Source records

━━━━━━━━━━━━━━━━━━━━

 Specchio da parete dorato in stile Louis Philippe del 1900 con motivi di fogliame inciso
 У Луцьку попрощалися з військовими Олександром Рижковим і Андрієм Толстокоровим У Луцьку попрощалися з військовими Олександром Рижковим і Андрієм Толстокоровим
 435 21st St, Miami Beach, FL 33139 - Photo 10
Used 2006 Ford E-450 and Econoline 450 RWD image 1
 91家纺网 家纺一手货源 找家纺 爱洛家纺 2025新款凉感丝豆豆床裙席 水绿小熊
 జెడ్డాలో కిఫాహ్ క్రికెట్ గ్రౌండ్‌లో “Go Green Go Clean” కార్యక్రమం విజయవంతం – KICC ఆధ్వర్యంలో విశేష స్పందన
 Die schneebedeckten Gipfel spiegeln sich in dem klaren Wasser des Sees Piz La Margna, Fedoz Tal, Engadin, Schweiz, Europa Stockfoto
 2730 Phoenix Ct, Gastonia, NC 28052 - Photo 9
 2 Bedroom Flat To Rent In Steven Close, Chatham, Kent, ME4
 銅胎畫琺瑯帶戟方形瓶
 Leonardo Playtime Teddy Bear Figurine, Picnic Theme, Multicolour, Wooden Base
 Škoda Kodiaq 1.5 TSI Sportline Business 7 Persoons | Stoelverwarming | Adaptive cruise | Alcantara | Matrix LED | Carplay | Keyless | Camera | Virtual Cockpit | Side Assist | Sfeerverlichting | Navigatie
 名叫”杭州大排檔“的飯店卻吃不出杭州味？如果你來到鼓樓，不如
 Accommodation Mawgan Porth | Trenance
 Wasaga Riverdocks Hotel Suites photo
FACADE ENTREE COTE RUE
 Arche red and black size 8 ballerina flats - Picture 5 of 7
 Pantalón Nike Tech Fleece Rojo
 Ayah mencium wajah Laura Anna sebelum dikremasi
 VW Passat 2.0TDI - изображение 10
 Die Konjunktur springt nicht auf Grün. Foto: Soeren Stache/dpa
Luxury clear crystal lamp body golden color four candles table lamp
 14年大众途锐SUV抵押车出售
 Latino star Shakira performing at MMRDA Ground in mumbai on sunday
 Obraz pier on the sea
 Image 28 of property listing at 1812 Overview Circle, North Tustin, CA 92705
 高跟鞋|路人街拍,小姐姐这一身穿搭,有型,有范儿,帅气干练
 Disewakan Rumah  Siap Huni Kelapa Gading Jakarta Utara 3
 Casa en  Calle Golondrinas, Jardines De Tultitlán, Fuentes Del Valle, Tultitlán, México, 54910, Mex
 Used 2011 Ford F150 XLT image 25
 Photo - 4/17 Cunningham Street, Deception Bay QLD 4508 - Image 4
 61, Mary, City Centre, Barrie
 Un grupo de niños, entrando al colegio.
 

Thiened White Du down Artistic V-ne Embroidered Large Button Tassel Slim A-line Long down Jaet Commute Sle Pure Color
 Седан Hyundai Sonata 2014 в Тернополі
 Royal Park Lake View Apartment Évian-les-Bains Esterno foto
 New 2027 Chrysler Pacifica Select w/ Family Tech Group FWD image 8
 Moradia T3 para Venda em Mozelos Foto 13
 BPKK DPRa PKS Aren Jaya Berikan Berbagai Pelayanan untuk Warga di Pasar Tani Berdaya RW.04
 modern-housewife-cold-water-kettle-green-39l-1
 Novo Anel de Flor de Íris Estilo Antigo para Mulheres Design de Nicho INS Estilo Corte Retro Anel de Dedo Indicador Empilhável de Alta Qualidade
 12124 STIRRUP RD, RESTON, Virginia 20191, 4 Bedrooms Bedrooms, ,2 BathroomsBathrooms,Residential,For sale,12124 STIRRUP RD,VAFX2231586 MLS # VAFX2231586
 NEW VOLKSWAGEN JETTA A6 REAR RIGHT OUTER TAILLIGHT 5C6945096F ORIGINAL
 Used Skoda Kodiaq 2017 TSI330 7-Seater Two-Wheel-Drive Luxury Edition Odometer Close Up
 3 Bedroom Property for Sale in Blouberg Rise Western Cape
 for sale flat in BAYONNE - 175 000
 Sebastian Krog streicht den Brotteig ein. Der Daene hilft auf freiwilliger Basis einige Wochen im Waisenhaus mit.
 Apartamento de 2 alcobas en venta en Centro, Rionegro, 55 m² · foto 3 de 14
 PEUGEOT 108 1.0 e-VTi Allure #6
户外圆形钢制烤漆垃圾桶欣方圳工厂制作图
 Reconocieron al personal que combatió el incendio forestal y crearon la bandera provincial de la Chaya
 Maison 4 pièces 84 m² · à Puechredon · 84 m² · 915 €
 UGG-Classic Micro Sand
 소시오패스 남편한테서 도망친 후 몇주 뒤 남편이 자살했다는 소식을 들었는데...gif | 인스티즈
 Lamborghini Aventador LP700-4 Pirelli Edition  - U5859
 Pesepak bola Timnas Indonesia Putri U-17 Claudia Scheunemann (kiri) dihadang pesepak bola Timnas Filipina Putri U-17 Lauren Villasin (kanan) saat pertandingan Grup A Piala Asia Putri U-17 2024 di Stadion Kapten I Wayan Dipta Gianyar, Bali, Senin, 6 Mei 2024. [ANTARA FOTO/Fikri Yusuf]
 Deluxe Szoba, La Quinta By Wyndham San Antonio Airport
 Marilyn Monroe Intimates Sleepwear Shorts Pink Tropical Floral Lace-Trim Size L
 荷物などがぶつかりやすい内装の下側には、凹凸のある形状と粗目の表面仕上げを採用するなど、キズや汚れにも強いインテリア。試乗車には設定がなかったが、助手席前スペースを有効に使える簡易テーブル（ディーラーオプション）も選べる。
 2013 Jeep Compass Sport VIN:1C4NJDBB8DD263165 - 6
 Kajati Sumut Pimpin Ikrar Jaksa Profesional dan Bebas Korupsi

━━━━━━━━━━━━━━━━━━━━

◆ Instructions for the task ◆
Only the lines above starting with the one with "Deluxe Szoba, La" and going through the one with "2013 Jeep Compass" are to be copied, word for word and with both ends kept.

◆ Exercise output ◆
 Deluxe Szoba, La Quinta By Wyndham San Antonio Airport
 Marilyn Monroe Intimates Sleepwear Shorts Pink Tropical Floral Lace-Trim Size L
 荷物などがぶつかりやすい内装の下側には、凹凸のある形状と粗目の表面仕上げを採用するなど、キズや汚れにも強いインテリア。試乗車には設定がなかったが、助手席前スペースを有効に使える簡易テーブル（ディーラーオプション）も選べる。
 2013 Jeep Compass Sport VIN:1C4NJDBB8DD263165 - 6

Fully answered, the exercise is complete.